Exercise details:
Quote exactly and only this range of lines in the data below: the line that holds "Gebraucht Mercedes ML350" to the line that holds "Used 2009 Brilliant", both included.

Supplied material:
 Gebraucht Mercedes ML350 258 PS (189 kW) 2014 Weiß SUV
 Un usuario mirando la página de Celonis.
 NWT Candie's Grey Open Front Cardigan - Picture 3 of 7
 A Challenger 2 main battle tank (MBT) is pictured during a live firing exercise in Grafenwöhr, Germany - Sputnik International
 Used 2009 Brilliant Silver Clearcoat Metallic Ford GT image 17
==
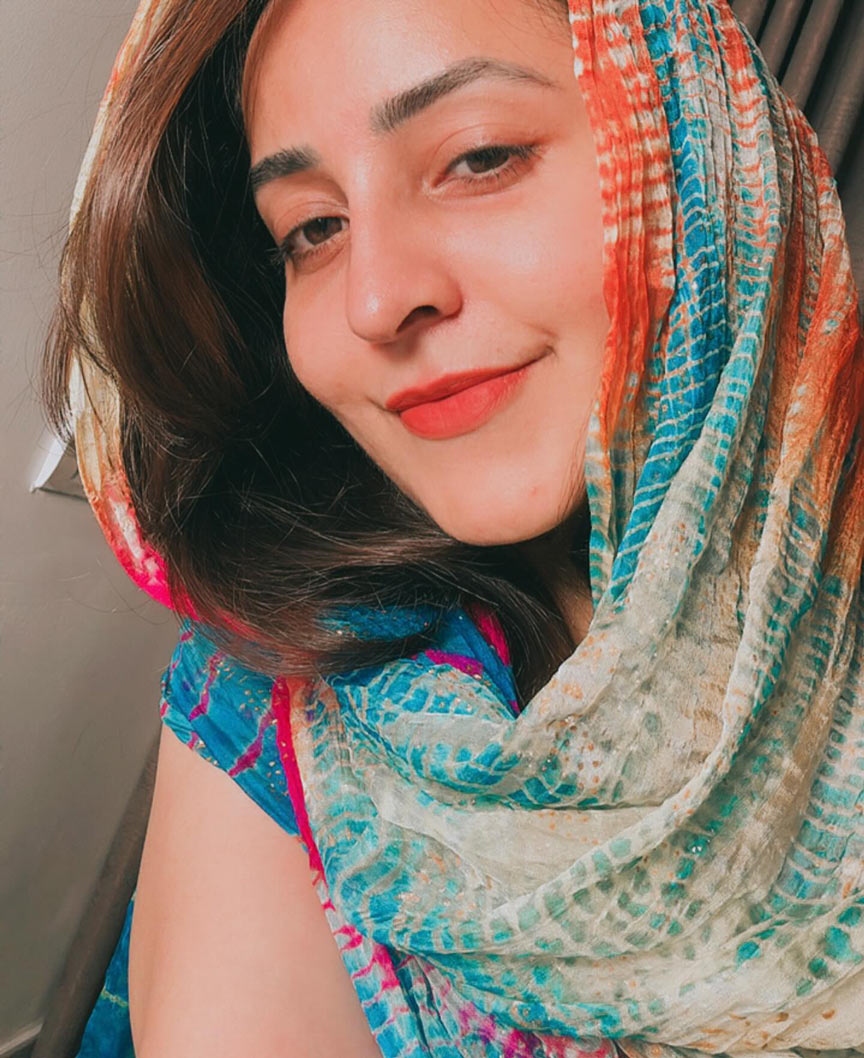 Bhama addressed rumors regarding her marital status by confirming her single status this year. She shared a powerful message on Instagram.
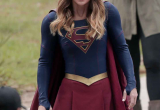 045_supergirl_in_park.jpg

Response area:
 Gebraucht Mercedes ML350 258 PS (189 kW) 2014 Weiß SUV
 Un usuario mirando la página de Celonis.
 NWT Candie's Grey Open Front Cardigan - Picture 3 of 7
 A Challenger 2 main battle tank (MBT) is pictured during a live firing exercise in Grafenwöhr, Germany - Sputnik International
 Used 2009 Brilliant Silver Clearcoat Metallic Ford GT image 17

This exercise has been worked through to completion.